I recently encountered an issue while working with Rust async blocks. To investigate, I wrote a small test case. Here’s a simplified example:
let async_block = async {
let a = [0u8; 8192];
yield_now().await;
println!("{}", a.len());
0
};
#[inline(never)] // it can be #[inline(always)]. It doesn't matter.
async fn async_fn() -> usize {
let a = [0u8; 8192];
yield_now().await;
println!("{}", a.len());
0
}
let size_of_async_block = mem::size_of_val(&async_block);
println!("size_of_async_block: {}", size_of_async_block); // 8194
let size_of_async_fn = mem::size_of_val(&async_fn());
println!("size_of_async_fn: {}", size_of_async_fn); // 8194
let wrapped_async_block = async {
async_block.await
};
let size_of_wrapped_async_block = mem::size_of_val(&wrapped_async_block);
println!("size_of_wrapped_async_block: {}", size_of_wrapped_async_block); // 16389
let wrapped_async_fn = async {
async_fn().await
};
let size_of_wrapped_async_fn = mem::size_of_val(&wrapped_async_fn);
println!("size_of_wrapped_async_fn: {}", size_of_wrapped_async_fn); // 8195
I noticed that wrapping an async block inside another async block significantly increases the memory usage. Specifically, the memory size of the wrapped future doubles. However, when I wrap an async function call instead, the increase is minimal. I observed this behavior in a release build.
Can anyone explain why this doubling of memory usage occurs when wrapping an async block inside another async block?
My guess for the difference is that the closure for the wrapped block includes a copy of the outer block, that is then copied to a seperate inner value, while wrapping the async function only needs the inner block as calling the async fn will create it.
Im not sure what the semantics of black_box imply here, I would assume it shouldn't block optimizing the allocated space before or after the block executes?
Stack usage of regular functions is heavily optimized by LLVM, which can eliminate copies and temporaries even where rustc generates suboptimal code.
The weakness of async is that the "stack" is put into a Future enum by rustc itself, and it doesn't get the same optimization treatment from LLVM, so this process is more prone to accidental inefficiencies like that. Report them as bugs.
You can see what is occupying space in your async block futures by running cargo +nightly rustc -Zprint-type-sizes, which will dump the layouts of every type in your crate, including async block futures. This may give you inspiration for how to modify your code to reduce the size.
Some specific tips:
If you have single large values, consider putting them in Boxes.
In Rust, variables are always dropped at the end of the containing block. But in an async block, this can mean that they are carried across an await point and must live in the future, even if they aren't going to be used otherwise.
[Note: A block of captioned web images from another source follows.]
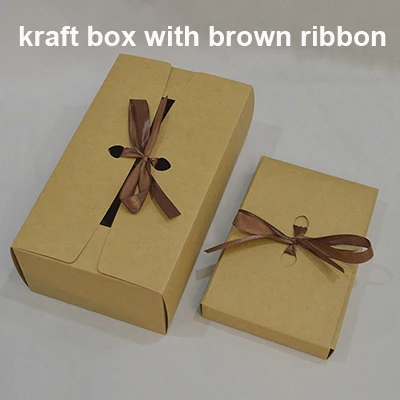 kraft 10 шт Подарочная коробка Упаковка с лентой Ремесло Подарочная коробка большая Заказная бумажная коробка для упаковки большие картонные коробки Черный Белый крафт - Color: kraft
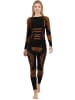 normani 2 x Thermooberteil Langarm Shirt Skiunterwäsche für Damen in Orange/Schwarz
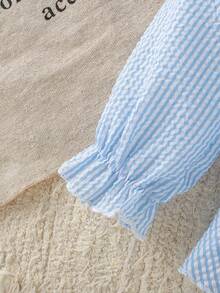 Body a rayas para bebé niña de otoño/invierno con mangas volantes y lazo grande, conjunto versátil para salir para bebés y niños pequeños, incluye sombrero para el sol, regalo de vacaciones de primavera/otoño para recién nacidos - Celeste - Ver 8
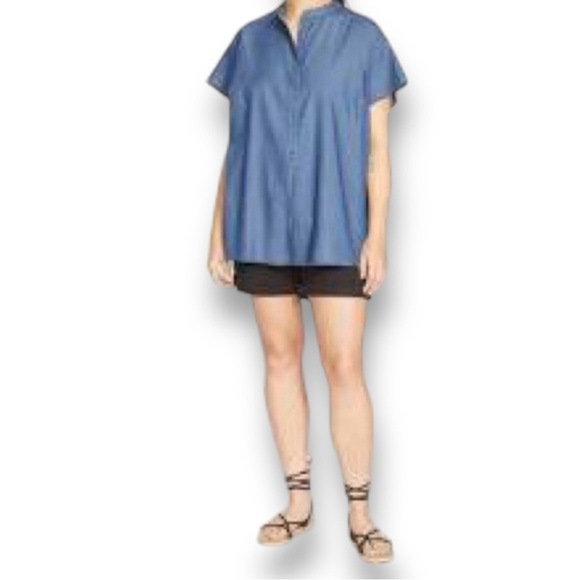 Universal Standard cap sleeve chambray shirt sz 30 NWT - Picture 2 of 3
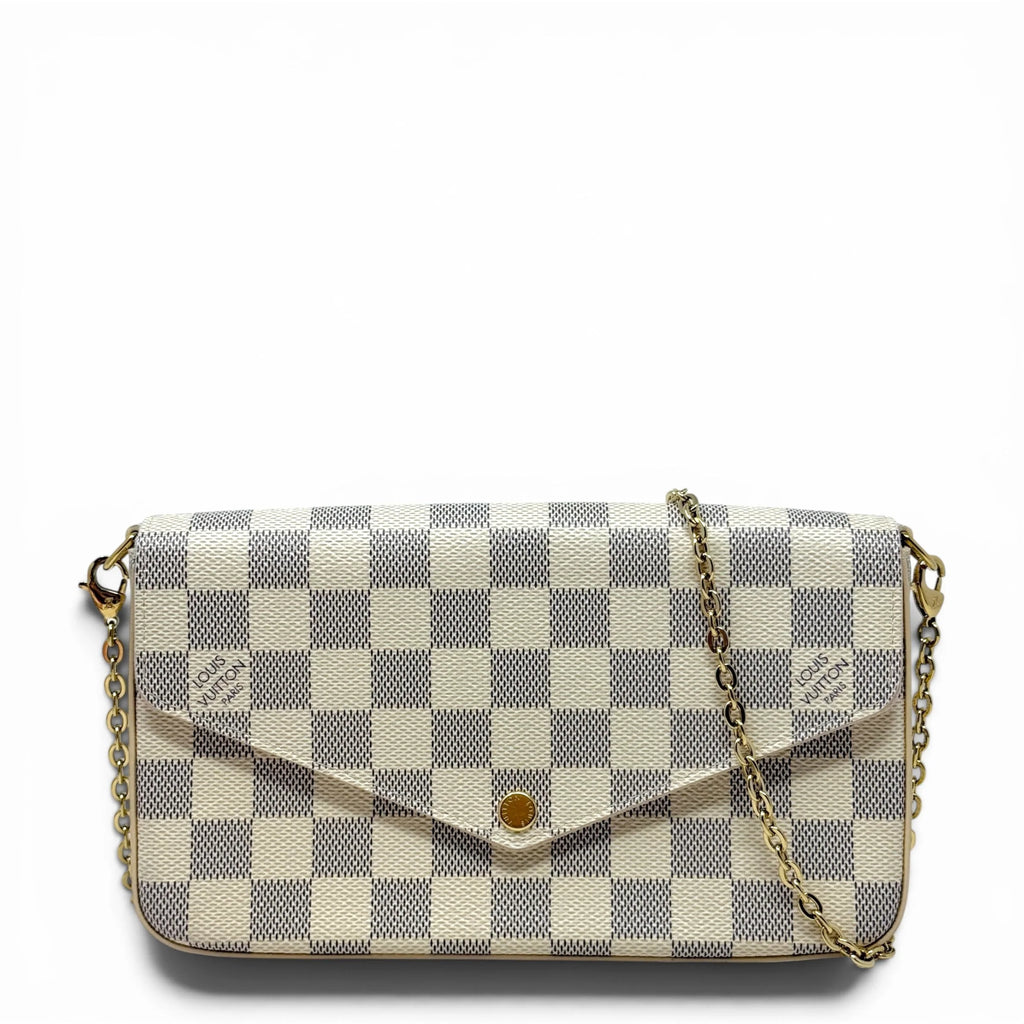 Pochette Félicie In Damier Azur Canvas Luxury Designer By Louis Vuitton, Size: Small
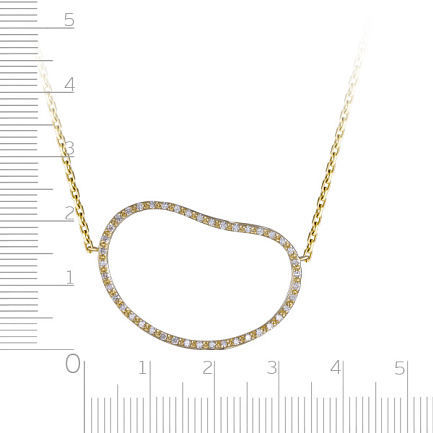 Колье из желтого золота с бриллиантами, плетение якорное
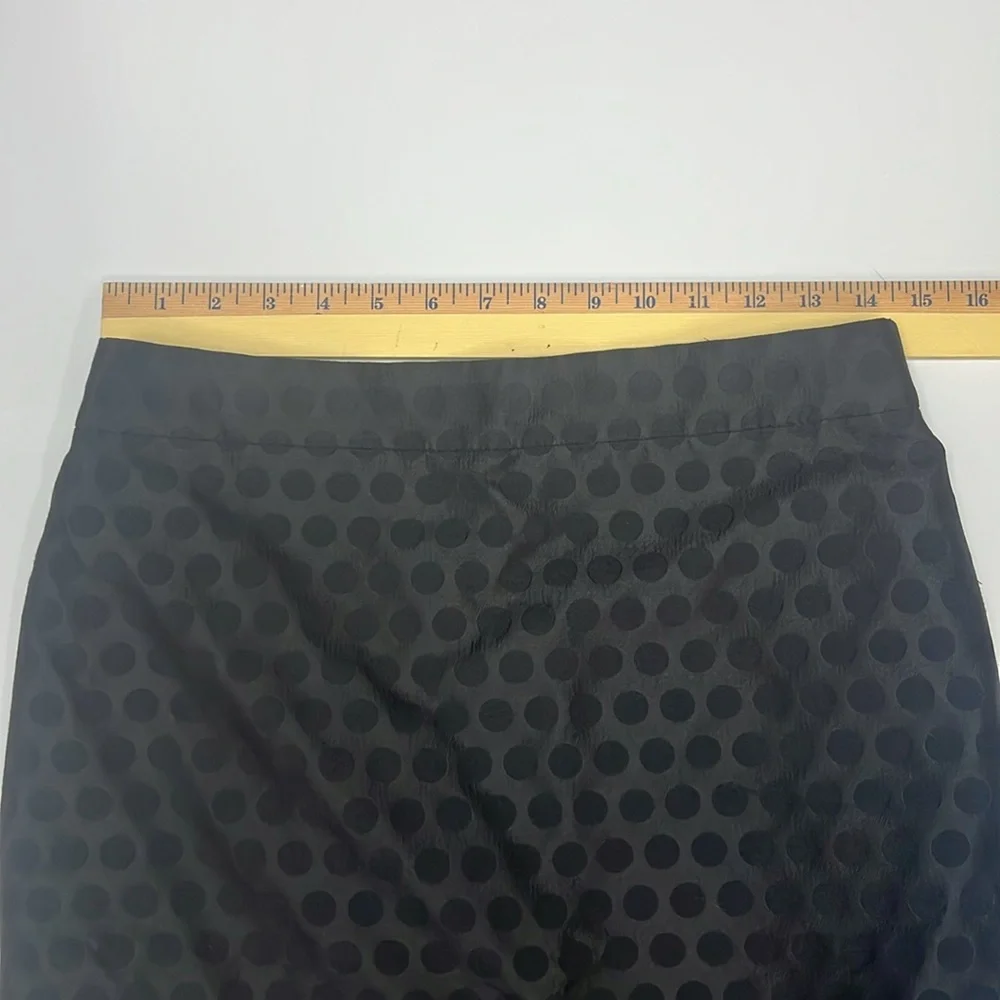 Black Pencil Skirt J. Crew Vintage Tonal Polka Dot Print Size 4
Therefore, it can be useful to introduce extra blocks or explicit drops to avoid keeping variables alive:
foo().await;
{
let mut buf = [0; 1000];
bar(&mut buf);
} // let buf be dropped here, before the await point
baz().await;
You can also move such code into non-async fns, and try to keep your async blocks/fns short overall so as to avoid accidentally paying async-related costs for code that doesn't need it.
The issue isn't about wrapping an async block in another async block, it's about wrapping a future in another future. Wrapping a function in a future just costs the size of the function, which is zero, and another discriminant.
Interestingly, the playground gives 1 more byte than yours. Your black_box isn't doing anything since println! doesn't return anything.
I think what's happening is that the outer future needs to store the inner future before it awaits and while it awaits, and it doesn't realize those can be in the same place. The closure having 8 extra bytes is because it's being captured by reference, which you could fix by adding move.
Maybe, but there isn't anything to move across it. The only thing that comes after it is the returned zero, so it's not getting in between anything before it.
As a result of this issue, I am unsure of the best course of action. Should I create a new issue, add to the existing one, or simply hope for a fix soon?
This issue does not directly affect me, as I have circumvented it by implementing a workaround using an asynchronous block wrapped in an additional structure. However, I do not want other users to encounter this problem without knowing about it. I only discovered this issue after collecting all the necessary metrics in my application.